■ Dataset content
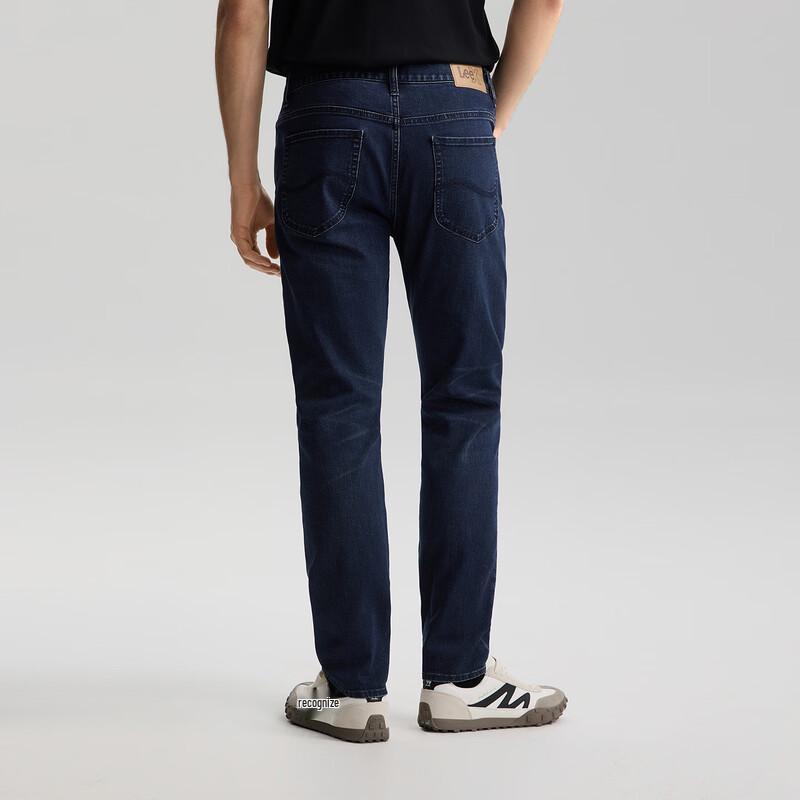 Lee Men's 705 Tapered Fit 5-Pocket Jeans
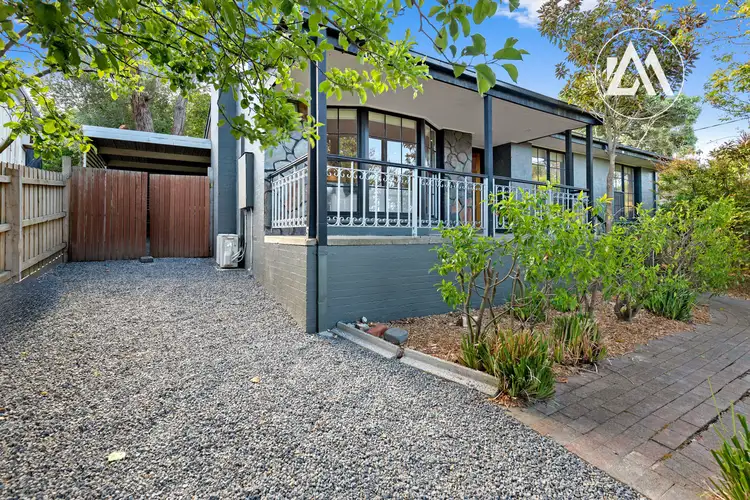 16 Idon Avenue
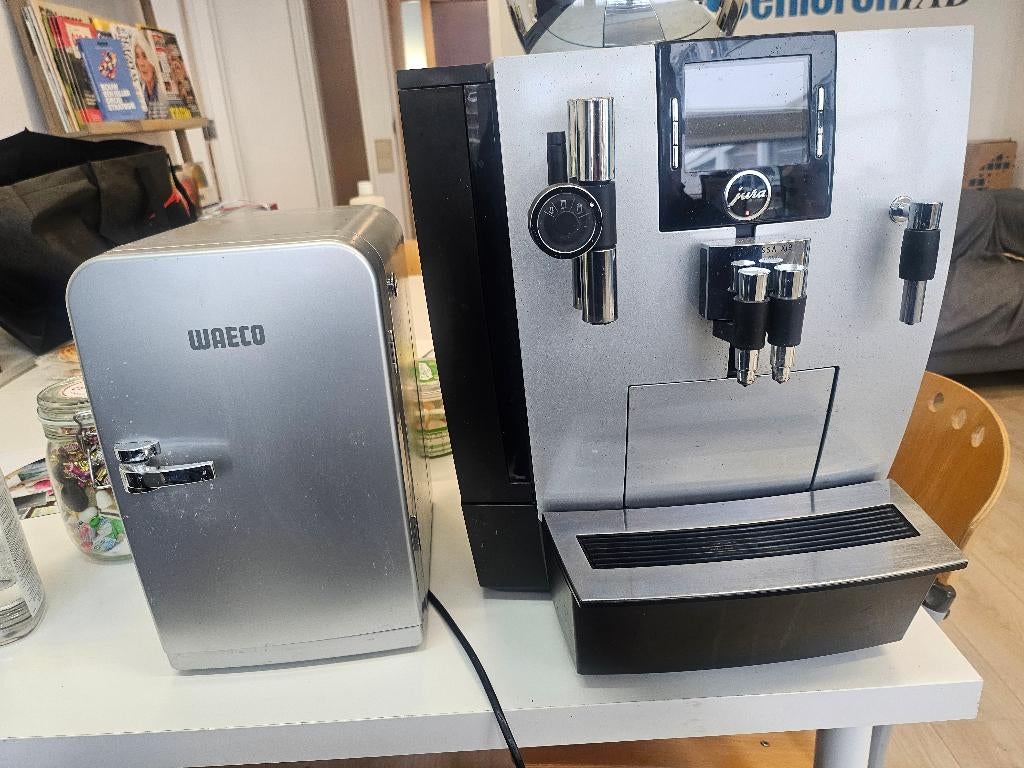 Jura Impressa XJ9 – Professionele koffiekwaliteit, Witgoed en Apparatuur, Koffiezetapparaten, Gemalen koffie, Afneembaar waterreservoir
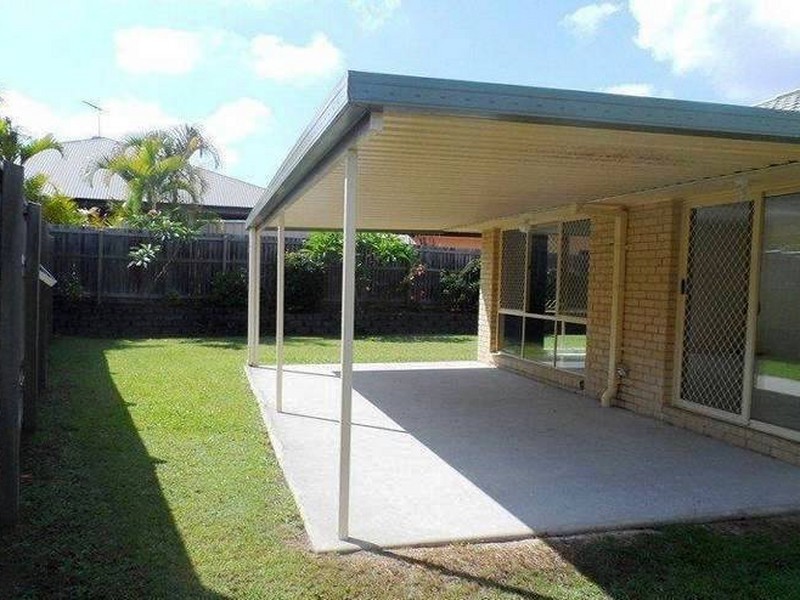 37 The Parkway, Stretton QLD 4116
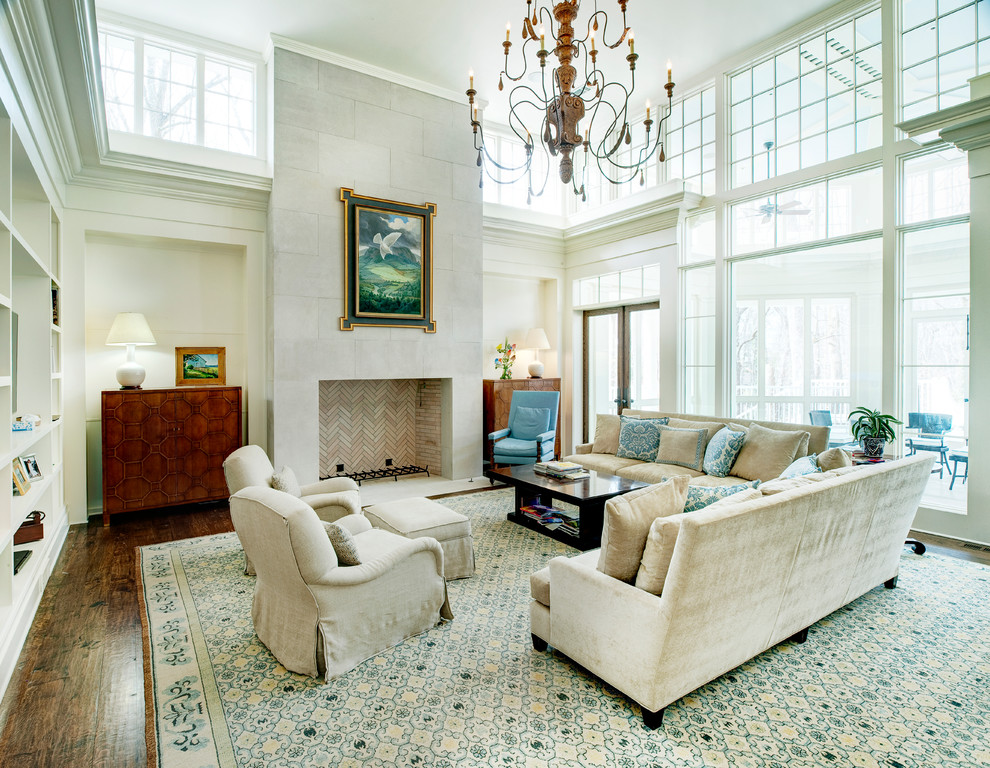 Großes, Repräsentatives, Fernseherloses, Offenes Klassisches Wohnzimmer mit weißer Wandfarbe, braunem Holzboden und Kaminumrandung aus Stein in Denver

■ Task details
From the line containing "16 Idon Avenue" through the last line of the entries, copy each line exactly and only those, skipping all pictures.

■ Result of this task
 16 Idon Avenue
 Jura Impressa XJ9 – Professionele koffiekwaliteit, Witgoed en Apparatuur, Koffiezetapparaten, Gemalen koffie, Afneembaar waterreservoir
 37 The Parkway, Stretton QLD 4116
 Großes, Repräsentatives, Fernseherloses, Offenes Klassisches Wohnzimmer mit weißer Wandfarbe, braunem Holzboden und Kaminumrandung aus Stein in Denver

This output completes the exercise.